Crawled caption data
[Start of section]

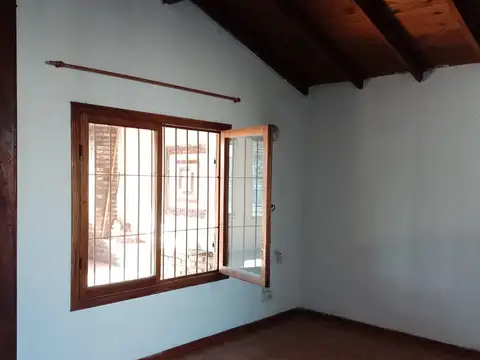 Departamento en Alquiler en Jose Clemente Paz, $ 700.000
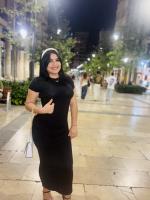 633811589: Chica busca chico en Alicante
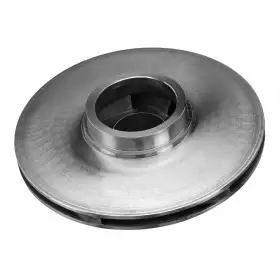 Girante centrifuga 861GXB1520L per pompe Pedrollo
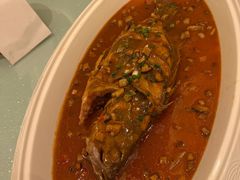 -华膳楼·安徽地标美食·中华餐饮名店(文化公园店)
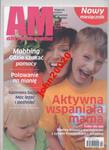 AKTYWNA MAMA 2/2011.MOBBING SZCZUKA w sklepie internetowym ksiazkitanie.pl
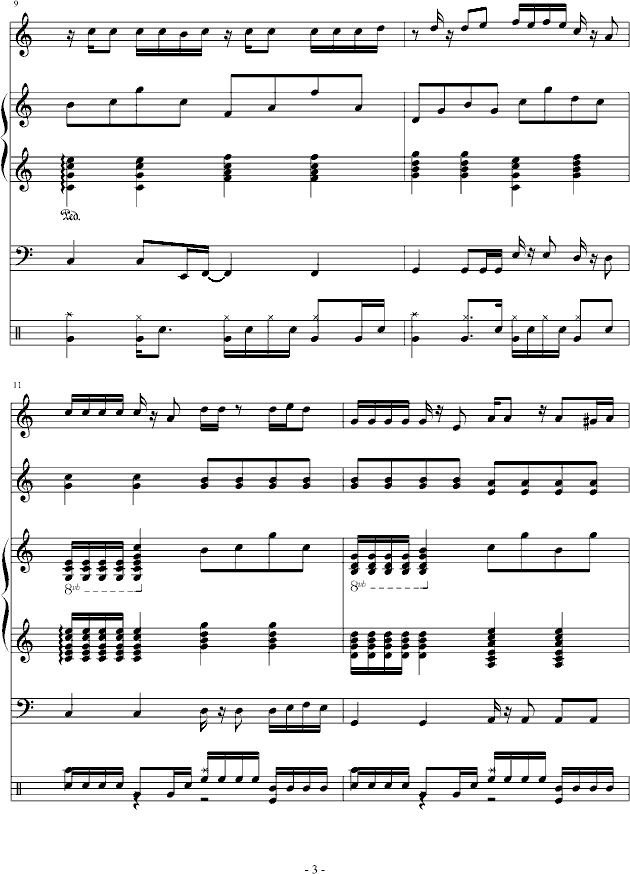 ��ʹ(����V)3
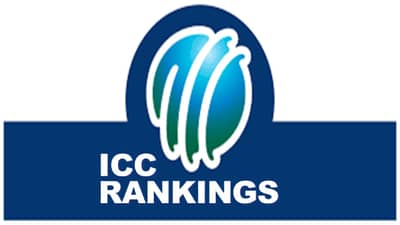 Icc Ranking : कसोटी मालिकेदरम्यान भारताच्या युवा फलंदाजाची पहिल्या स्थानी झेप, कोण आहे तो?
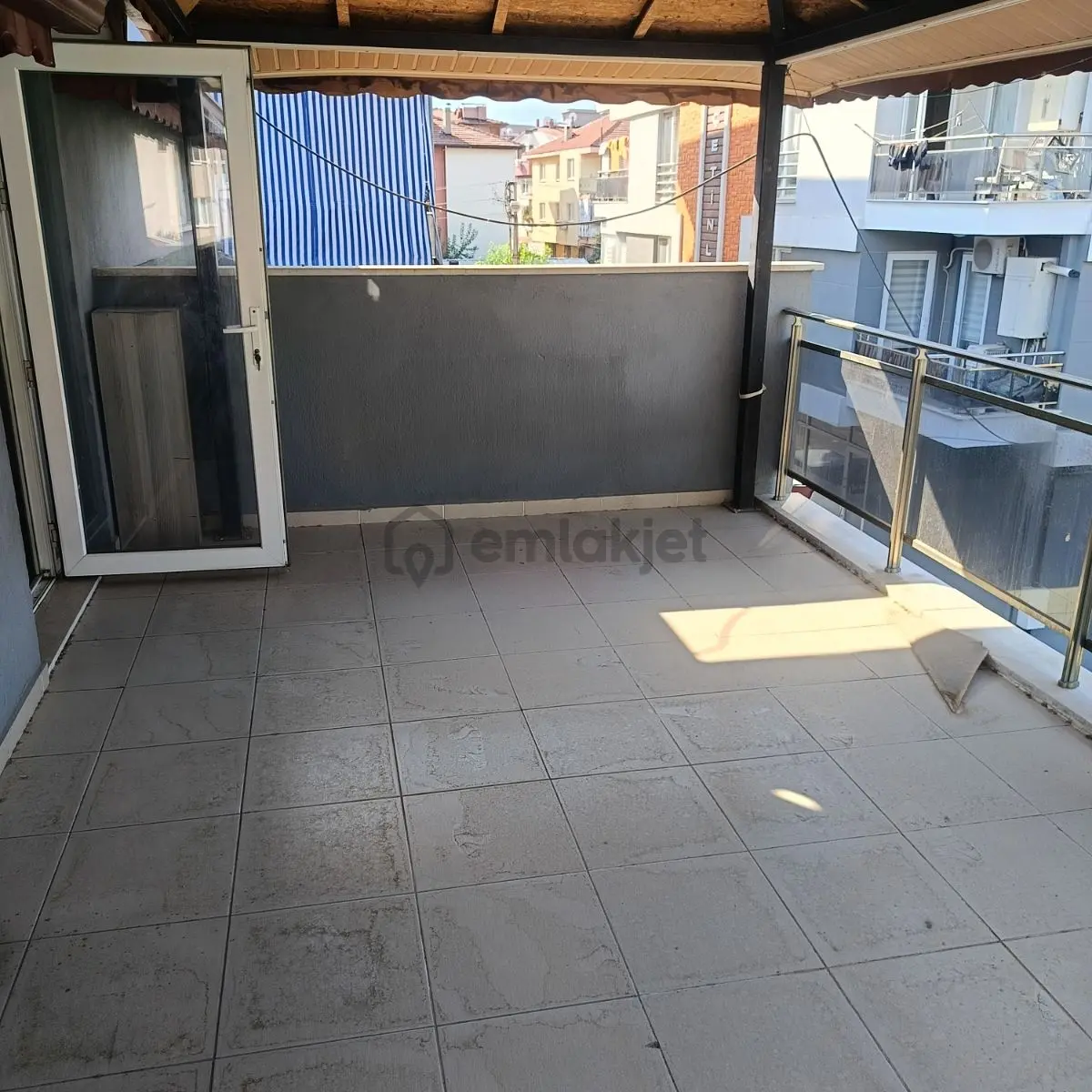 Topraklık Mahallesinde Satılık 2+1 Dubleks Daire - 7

[End of section]

## Problem description:
Your answer should be the lines from the opening of the records through the line with "Icc Ranking : कसोटी", both ends retyped exactly and pictures left out.

## Response to the exercise:
 Departamento en Alquiler en Jose Clemente Paz, $ 700.000
 633811589: Chica busca chico en Alicante
 Girante centrifuga 861GXB1520L per pompe Pedrollo
 -华膳楼·安徽地标美食·中华餐饮名店(文化公园店)
 AKTYWNA MAMA 2/2011.MOBBING SZCZUKA w sklepie internetowym ksiazkitanie.pl
 ��ʹ(����V)3
 Icc Ranking : कसोटी मालिकेदरम्यान भारताच्या युवा फलंदाजाची पहिल्या स्थानी झेप, कोण आहे तो?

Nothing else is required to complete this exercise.